Balfour didn't expect to be out for the 10th -- at least not in a tie game on the road. But Melvin was shorthanded in the bullpen, "and he's our best pitcher," he said.
"I don't know if I had a different mind frame," Balfour said, "because I wasn't expecting the call I guess, waiting for us to score to get in the game, so I didn't have the right mindset going in, maybe."
Oakland's right-hander, riding a 9 1/3-inning scoreless stretch, made quick work of Justin Smoak by way of a groundout. Then he fanned Mike Zunino, but not for an out, as catcher John Jaso scurried for the strike-three wild pitch and threw it wide of first base, leading to Michael Saunders' ensuing base hit to put runners at the corners for Morales.
"I felt like I rushed it a little bit," Jaso said of his throw. "I didn't have to, but I rushed it, and I made a bad throw that kind of cost us a little bit there. ... I would've had him with an accurate throw.
"I just messed up the block. It was my responsibility that I didn't do."

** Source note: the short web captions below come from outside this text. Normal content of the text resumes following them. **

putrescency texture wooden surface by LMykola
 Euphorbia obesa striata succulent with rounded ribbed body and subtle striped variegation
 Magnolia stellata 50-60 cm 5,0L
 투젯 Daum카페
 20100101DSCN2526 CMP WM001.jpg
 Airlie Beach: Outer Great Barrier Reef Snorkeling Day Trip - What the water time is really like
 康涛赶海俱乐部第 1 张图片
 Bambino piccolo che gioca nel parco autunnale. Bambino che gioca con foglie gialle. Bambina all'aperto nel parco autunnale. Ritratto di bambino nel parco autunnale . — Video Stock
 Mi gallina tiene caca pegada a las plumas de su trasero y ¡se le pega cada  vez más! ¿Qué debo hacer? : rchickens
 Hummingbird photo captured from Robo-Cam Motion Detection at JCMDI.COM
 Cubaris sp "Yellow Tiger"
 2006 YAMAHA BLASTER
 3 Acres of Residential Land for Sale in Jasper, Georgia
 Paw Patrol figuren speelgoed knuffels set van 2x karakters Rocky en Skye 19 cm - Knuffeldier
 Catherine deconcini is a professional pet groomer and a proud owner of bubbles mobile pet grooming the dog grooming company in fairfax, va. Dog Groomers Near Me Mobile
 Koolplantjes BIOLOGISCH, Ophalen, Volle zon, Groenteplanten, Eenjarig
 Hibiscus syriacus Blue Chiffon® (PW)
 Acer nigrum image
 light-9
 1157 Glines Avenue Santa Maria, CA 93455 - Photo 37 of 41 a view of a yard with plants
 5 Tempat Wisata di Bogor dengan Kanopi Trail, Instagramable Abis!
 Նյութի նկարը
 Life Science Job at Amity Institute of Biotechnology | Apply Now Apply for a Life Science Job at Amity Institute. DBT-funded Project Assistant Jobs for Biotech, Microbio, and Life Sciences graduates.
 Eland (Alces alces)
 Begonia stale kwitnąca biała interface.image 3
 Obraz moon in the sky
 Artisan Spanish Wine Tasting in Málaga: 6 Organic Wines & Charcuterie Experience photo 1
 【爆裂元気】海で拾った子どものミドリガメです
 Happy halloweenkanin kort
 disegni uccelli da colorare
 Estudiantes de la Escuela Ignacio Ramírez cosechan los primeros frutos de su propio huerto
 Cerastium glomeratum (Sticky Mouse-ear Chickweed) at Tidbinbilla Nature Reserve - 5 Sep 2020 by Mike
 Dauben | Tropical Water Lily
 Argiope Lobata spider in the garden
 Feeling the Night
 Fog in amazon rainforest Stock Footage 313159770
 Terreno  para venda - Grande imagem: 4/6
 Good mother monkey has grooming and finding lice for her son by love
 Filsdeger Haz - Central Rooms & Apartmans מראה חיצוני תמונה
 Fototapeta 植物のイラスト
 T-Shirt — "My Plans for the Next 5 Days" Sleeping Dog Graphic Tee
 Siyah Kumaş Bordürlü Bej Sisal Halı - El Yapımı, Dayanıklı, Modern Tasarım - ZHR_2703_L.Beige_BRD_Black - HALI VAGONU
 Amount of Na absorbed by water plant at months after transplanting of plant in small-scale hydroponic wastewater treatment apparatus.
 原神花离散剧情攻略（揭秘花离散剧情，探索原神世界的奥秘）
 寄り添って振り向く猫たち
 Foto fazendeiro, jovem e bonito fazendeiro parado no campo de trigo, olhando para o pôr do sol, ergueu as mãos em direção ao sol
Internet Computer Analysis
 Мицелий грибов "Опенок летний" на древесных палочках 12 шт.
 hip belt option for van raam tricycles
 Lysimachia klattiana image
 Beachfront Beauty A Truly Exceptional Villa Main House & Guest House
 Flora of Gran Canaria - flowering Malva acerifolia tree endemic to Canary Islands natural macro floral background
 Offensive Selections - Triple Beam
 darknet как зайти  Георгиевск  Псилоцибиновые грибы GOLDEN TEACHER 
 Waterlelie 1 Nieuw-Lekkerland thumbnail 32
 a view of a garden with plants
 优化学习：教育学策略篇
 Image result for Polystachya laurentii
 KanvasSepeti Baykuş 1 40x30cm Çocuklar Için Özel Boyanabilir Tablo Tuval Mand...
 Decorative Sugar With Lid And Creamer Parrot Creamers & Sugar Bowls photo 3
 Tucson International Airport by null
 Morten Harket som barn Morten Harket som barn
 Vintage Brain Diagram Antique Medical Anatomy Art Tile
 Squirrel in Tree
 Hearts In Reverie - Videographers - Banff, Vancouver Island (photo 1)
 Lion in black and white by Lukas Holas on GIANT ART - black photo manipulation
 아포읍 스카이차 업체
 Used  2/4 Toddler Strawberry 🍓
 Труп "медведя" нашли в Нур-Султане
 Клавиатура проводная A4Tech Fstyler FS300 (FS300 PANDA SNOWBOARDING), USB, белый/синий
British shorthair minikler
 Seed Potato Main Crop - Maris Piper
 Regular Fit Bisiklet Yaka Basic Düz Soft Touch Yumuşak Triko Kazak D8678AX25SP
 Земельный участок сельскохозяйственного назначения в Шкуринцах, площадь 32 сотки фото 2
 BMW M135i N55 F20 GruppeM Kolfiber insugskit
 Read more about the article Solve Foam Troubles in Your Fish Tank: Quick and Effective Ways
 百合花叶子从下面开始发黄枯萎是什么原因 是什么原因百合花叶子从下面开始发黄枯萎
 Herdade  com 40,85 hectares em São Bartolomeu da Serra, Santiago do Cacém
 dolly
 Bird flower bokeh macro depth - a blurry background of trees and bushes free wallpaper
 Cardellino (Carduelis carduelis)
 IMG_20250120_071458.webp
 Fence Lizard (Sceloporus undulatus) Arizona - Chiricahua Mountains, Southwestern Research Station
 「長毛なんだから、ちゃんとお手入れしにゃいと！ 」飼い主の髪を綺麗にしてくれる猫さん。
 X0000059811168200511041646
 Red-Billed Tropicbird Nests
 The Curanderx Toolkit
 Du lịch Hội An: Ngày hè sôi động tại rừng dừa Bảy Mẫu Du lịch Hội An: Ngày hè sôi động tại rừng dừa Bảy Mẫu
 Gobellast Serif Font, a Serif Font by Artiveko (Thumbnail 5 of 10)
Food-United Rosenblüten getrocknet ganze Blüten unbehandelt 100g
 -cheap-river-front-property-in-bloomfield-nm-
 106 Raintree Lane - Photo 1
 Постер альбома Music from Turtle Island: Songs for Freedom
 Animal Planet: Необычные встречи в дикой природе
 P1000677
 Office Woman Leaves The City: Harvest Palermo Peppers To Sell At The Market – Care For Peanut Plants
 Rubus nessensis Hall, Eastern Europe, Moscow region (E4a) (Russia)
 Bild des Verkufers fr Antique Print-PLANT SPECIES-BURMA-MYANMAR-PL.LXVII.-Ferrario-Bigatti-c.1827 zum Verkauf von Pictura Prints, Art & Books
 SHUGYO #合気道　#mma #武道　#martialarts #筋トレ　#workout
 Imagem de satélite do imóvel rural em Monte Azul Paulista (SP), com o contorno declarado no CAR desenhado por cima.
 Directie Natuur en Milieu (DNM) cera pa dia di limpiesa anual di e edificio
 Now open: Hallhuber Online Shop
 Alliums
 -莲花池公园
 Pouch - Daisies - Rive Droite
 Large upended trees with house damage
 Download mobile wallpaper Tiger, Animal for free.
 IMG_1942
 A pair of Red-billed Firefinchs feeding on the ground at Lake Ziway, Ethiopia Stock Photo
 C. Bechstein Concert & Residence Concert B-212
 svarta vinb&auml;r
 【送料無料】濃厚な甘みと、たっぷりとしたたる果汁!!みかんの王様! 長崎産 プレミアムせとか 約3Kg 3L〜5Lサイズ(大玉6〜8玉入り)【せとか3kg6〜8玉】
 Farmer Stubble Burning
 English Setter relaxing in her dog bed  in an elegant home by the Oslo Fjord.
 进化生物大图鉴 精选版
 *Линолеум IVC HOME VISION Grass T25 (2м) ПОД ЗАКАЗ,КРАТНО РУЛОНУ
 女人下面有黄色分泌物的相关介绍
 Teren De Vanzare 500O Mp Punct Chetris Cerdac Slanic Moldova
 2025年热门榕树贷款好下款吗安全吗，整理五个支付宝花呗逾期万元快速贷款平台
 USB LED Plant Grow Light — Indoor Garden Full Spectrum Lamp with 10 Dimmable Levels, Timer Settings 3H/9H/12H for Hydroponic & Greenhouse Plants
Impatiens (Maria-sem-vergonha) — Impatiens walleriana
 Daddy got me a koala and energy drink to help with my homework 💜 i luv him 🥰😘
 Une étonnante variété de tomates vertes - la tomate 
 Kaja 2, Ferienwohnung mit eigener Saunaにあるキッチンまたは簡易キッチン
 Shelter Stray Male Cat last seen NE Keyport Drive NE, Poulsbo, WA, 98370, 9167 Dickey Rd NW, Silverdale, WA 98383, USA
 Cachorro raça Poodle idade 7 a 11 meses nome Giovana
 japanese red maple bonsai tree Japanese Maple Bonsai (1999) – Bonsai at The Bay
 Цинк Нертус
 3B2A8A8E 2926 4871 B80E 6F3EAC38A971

Morales needed just one pitch, a 94-mph fastball, to end the game.
"You strike a guy out, it's tough, because you could've had two outs on six pitches," Balfour said. Got to 3-2, the ball was up to Saunders, I didn't make the pitch, and then the first pitch right there to Morales, and the next thing you know, it's three runs. It kind of happened pretty quick.
"I wanted it away, but when I looked at the video, it was middle. It was more on the down side, but it was middle, and he golfed it out."
Said Morales through his translator: "I was trying to be aggressive. I have the mentality on the bench that I'm always going to be able to come up and hit."
The veteran's walk-off hit spoiled a late comeback by the A's, once down 3-0 because of a pair of Raul Ibanez homers off starter Jarrod Parker. They got two back in the sixth off righty Jeremy Bonderman, and Brandon Moss knotted the game in the eighth via a solo shot to right field.
It was the third career walk-off homer allowed by Balfour, who was stuck with his first loss since June 29, 2012 at Texas.
Now the A's, who finished a stretch of 30 games in 31 days, going 19-11 over that period, get to enjoy an off-day Monday -- the first of three over the next eight days.
"It'll be nice to separate from a tough road trip," Melvin said.